Migrants escape vicious tug-of-war in European trek
SZENTGOTTHARD, Hungary -- Thousands of migrants flooded into Austria on Saturday after days of being shuttled from one country to another or seeing their paths into Western Europe blocked by border guards with dogs, razor-wire fences, barricaded bridges or riot police.
Austrian police said some 6,700 people traveled to the central European country from Hungary after being trapped Friday in a vicious tug-of-war as bickering European governments rapidly shut down border crossings or erected new fences to cut down the torrent of asylum-seekers.
Pain and uncertainty drained from the face of Adeeb Jaafri, a theater student from Damascus, as he crossed into Heiligenkreuz in Austria.
"Right now, I feel like I've been born anew. Now I don't even see these long queues in front of me," he said. "It makes no difference to me whether I am delayed whether I stay here two days. The important thing is that I've finally arrived. And that I am now finally safe."
Others raised their arms in joy as they crossed the border, a milestone in their epic journey to safety. But the journey was chaotic, and reports emerged of families being separated as they fought for space on buses.
On the Hungarian side of the Austrian border, Hala Khatib of Damascus and her three daughters wept uncontrollably.
"I want to go to Germany. My husband is in Germany. I've come here all alone to this country. Please let me go," she sobbed. "I am exhausted. Me and my children, we're exhausted."
As CBS News senior foreign correspondent Mark Phillips reports on the border with Hungary, any lurch forward is good news to the refugees, whose fits-and-starts trek has been going on for weeks.
Mahmud's family of 17 from Damascus has been walking for two weeks.
"Really, we are so happy; maybe the tired two weeks maybe finished now," Mahmud told Phillips. "... We have children. We have kids."
Tens of thousands more are expected as people fleeing conflict and poverty in the Middle East, Africa and Asia cross the seas from Turkey to Greece and head north through Macedonia, Serbia and Hungary. On Saturday, the Greek coast guard said a 5-year-old girl found in the sea off the island of Lesbos died after the boat she traveled on sank, and 14 others were missing.
The normal routes north into Western Europe have all but disintegrated this week.
Asylum-seekers who had headed into Croatia after being beaten back by tear gas and water cannons on the Hungarian-Serbian border this week found themselves being returned on buses or trains back to Serbia or Hungary after Croatia declared it could not handle 20,700 people who have arrived since Wednesday.
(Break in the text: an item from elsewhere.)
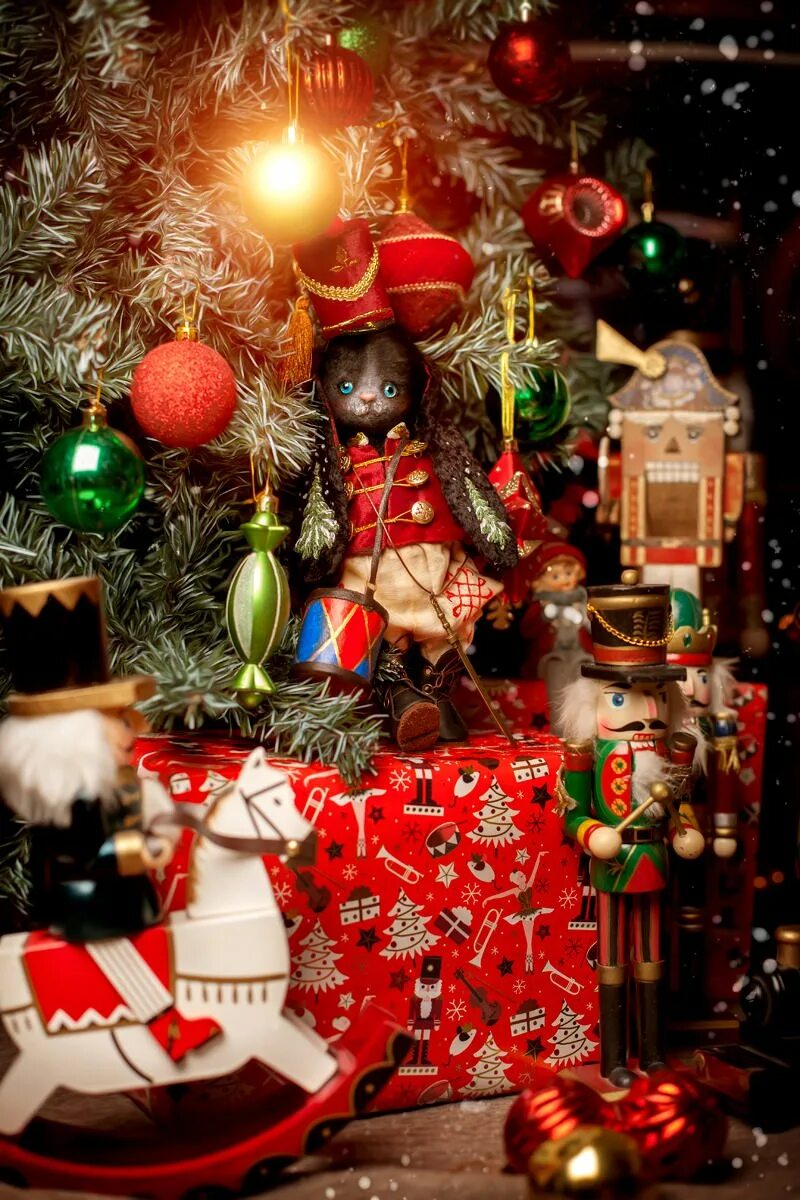 щелкунчик мягкая игрушка. щелкунчик. щелкунчик новогодняя. щелкунчик на елке. щелкунчик новогодняя.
Those who went from Croatia to Slovenia, seeking another way into Austria, faced blocked bridges and determined Slovenian riot police.
Some nominal cooperation emerged Saturday as Croatia bused people to Hungary, who bused them to Austria.
Hungary's military, meanwhile, announced it was calling up 500 army reservists to further reinforce its borders.
Though sympathetic to their plight, Croatian President Kolinda Grabar Kitarovic demanded that the European Union step forward and take responsibility for the people in transit through this country of 4.2 million.
"We're flooded, local communities are flooded, the numbers of refugees in some areas is far greater (than) the number of local residents," she told The Associated Press. "So we need to control, we need to stop the flow, we need to get reassurances from European Union about what happens to these people who are already in Croatia."
Mindful that hundreds of migrants were walking through Croatian cornfields and forests to cross her country, Kitarovic stressed that further measures would be taken to secure Croatia's borders. She also warned of the dangers of mines leftover from the country's 1991-95 war.
"I will advise highly anyone to use official crossings. But we have to take further measures to insure stability on the border, and that there are no breaches through the cornfields, or forests or any other areas," she said.
The thousands seeking sanctuary as borders close around them are camping in the open, sleeping on streets, exposed to heat in the day and cold in the night.
Police in Slovenia say more than 1,000 migrants have entered the country, but hundreds more are waiting at the border as they let in only limited numbers. As temperatures dipped overnight, hundreds of migrants at the Obrezje crossing set up tents, camping out without food or water.
Ammar Jessem, 24, a dentist from Baghdad, said the migrants had heard the border was open and were disappointed after walking through Croatia to find it wasn't.
"We don't want to stay here. We want to go to Austria. From Austria, we go everywhere," he said.
European Union enlargement commissioner Johannes Hahn on Saturday proposed giving 1 billion euros ($1.1 billion) to Turkey to deal with the migrant crisis. He spoke after touring a refugee camp in Gevgelija, on Macedonia's southern border with Greece, where about 5,000 migrants are passing through daily.
At the camp, Mustafa Alrufay, 26, from Iraq, told the AP he left to escape the bloodshed in his country. Alrufay was determined to get to Western Europe but completely flummoxed now as to how.
"I have no idea where this journey will bring me, because I do not know which border after Serbia will be open," he said. "I also have no idea in which country I'll be accepted and find secure shelter to live and work."